● **Image-text web data**:
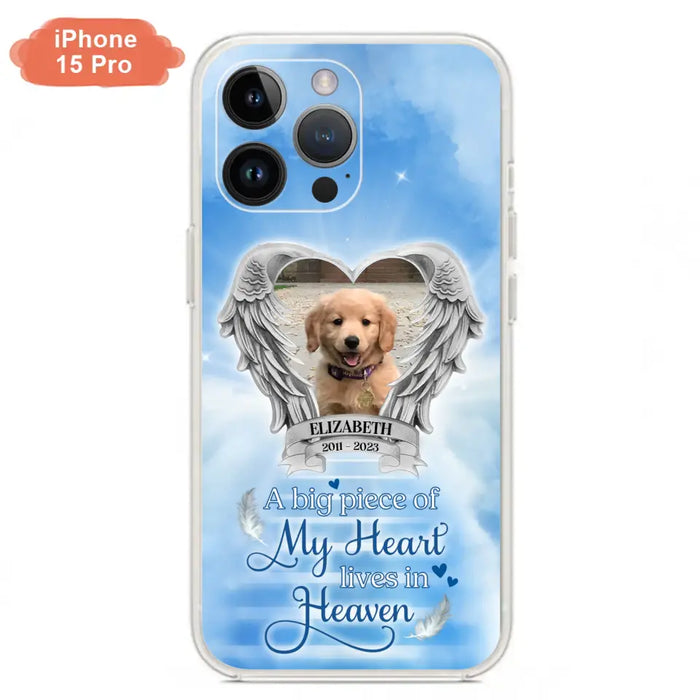 Custom Personalized Memorial Phone Case - Upload Photo - Memorial Gift Idea For Family Member/ Pet Owner - A Big Piece Of My Heart Lives In Heaven - Case For iPhone And Samsung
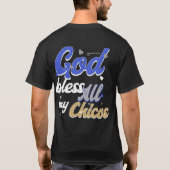Gott segne alle meine Chicos T-Shirt (Rückseite)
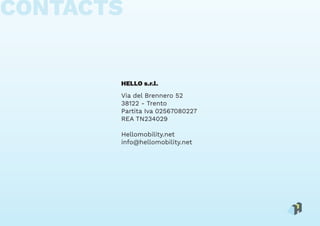 CONTACTS
HELLO s.r.l.
Via del Brennero 52
38122 - Trento
Partita Iva 02567080227
REA TN234029
Hellomobility.net
info@hellomobility.net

● **Task goal**: Please print the data above once more, exactly and without images.

● **Task answer**:
 Custom Personalized Memorial Phone Case - Upload Photo - Memorial Gift Idea For Family Member/ Pet Owner - A Big Piece Of My Heart Lives In Heaven - Case For iPhone And Samsung
Gott segne alle meine Chicos T-Shirt (Rückseite)
 CONTACTS
HELLO s.r.l.
Via del Brennero 52
38122 - Trento
Partita Iva 02567080227
REA TN234029
Hellomobility.net
info@hellomobility.net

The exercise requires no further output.